* **Goal of the exercise**
What do the lines say from the start of the entries through the one containing "Lateral. DI, aVL, V5-V6."? Repeat them exactly.

* **Data extracts**

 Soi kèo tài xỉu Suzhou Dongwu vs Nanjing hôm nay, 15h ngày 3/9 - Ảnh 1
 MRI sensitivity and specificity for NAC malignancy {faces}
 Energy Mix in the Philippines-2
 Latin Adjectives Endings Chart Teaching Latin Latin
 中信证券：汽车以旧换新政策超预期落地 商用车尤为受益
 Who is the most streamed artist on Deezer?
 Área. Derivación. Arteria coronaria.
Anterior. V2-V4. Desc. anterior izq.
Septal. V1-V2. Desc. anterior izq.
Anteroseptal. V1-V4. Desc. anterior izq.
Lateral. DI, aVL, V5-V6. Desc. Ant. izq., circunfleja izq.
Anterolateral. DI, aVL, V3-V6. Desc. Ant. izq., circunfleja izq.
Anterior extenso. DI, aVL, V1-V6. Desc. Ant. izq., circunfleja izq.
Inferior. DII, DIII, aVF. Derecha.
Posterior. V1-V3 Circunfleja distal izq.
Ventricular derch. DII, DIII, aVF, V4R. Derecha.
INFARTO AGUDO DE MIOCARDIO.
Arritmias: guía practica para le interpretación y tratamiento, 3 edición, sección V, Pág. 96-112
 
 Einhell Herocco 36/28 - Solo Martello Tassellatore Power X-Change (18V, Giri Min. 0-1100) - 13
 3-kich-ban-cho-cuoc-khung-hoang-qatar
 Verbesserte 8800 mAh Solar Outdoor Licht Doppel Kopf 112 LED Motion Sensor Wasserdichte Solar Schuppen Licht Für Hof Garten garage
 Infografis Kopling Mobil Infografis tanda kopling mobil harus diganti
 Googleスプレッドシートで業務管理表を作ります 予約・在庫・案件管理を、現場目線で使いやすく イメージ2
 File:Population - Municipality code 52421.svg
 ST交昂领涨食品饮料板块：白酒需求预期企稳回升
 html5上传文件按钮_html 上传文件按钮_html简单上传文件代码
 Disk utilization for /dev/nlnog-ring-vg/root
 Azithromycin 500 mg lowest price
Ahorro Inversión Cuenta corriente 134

* **Response to the exercise**
 Soi kèo tài xỉu Suzhou Dongwu vs Nanjing hôm nay, 15h ngày 3/9 - Ảnh 1
 MRI sensitivity and specificity for NAC malignancy {faces}
 Energy Mix in the Philippines-2
 Latin Adjectives Endings Chart Teaching Latin Latin
 中信证券：汽车以旧换新政策超预期落地 商用车尤为受益
 Who is the most streamed artist on Deezer?
 Área. Derivación. Arteria coronaria.
Anterior. V2-V4. Desc. anterior izq.
Septal. V1-V2. Desc. anterior izq.
Anteroseptal. V1-V4. Desc. anterior izq.
Lateral. DI, aVL, V5-V6. Desc. Ant. izq., circunfleja izq.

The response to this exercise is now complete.